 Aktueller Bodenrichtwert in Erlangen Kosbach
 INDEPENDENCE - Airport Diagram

...

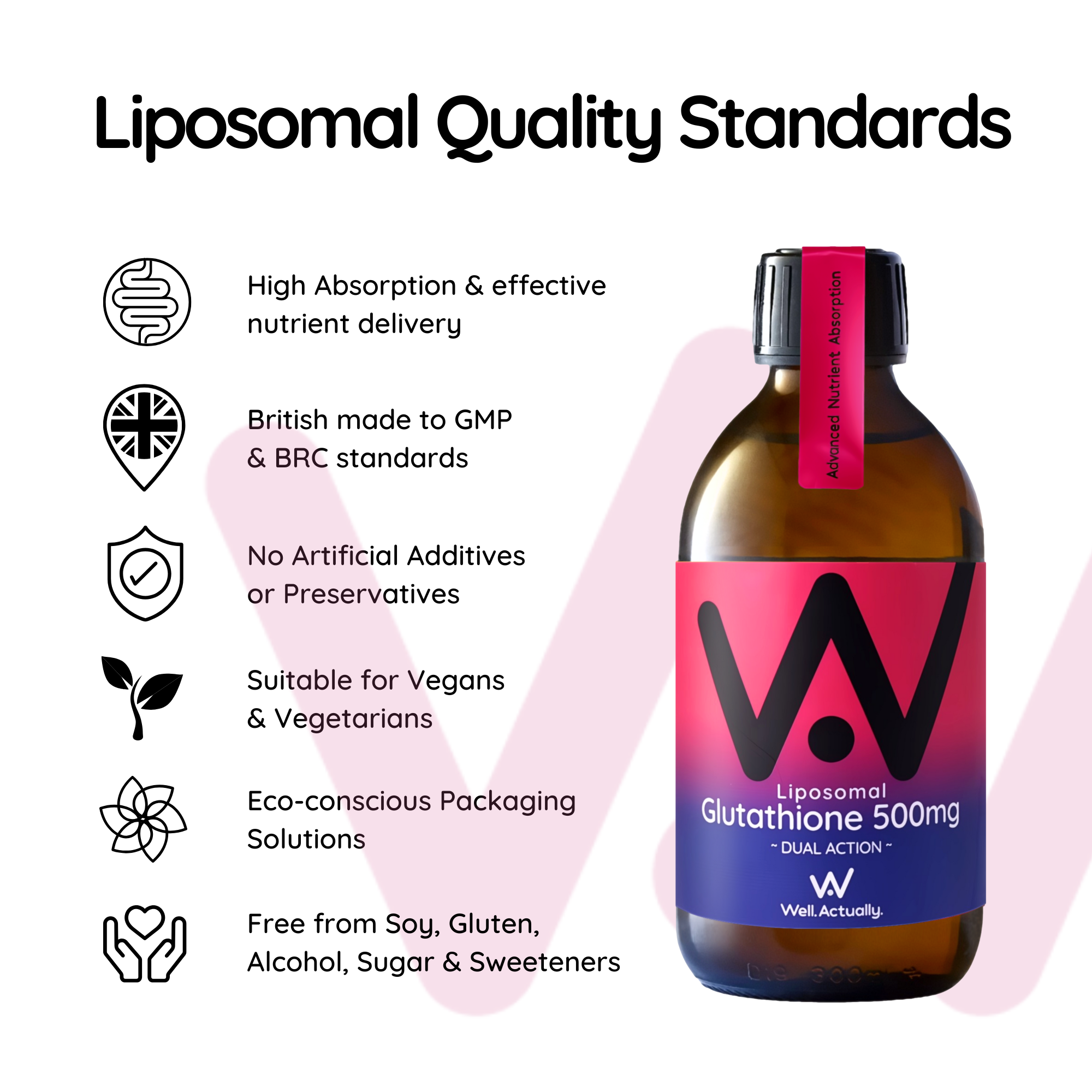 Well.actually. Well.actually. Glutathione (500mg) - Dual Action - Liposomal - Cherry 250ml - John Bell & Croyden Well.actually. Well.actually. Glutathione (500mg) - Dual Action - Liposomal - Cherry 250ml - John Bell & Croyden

WHAT IS NEEDED
With the line that has "Aktueller Bodenrichtwert in Erlangen Kosbach" as the first and the line that has "INDEPENDENCE - Airport Diagram" as the last, repeat exactly that run of lines above and no more.

RESULT
 Aktueller Bodenrichtwert in Erlangen Kosbach
 INDEPENDENCE - Airport Diagram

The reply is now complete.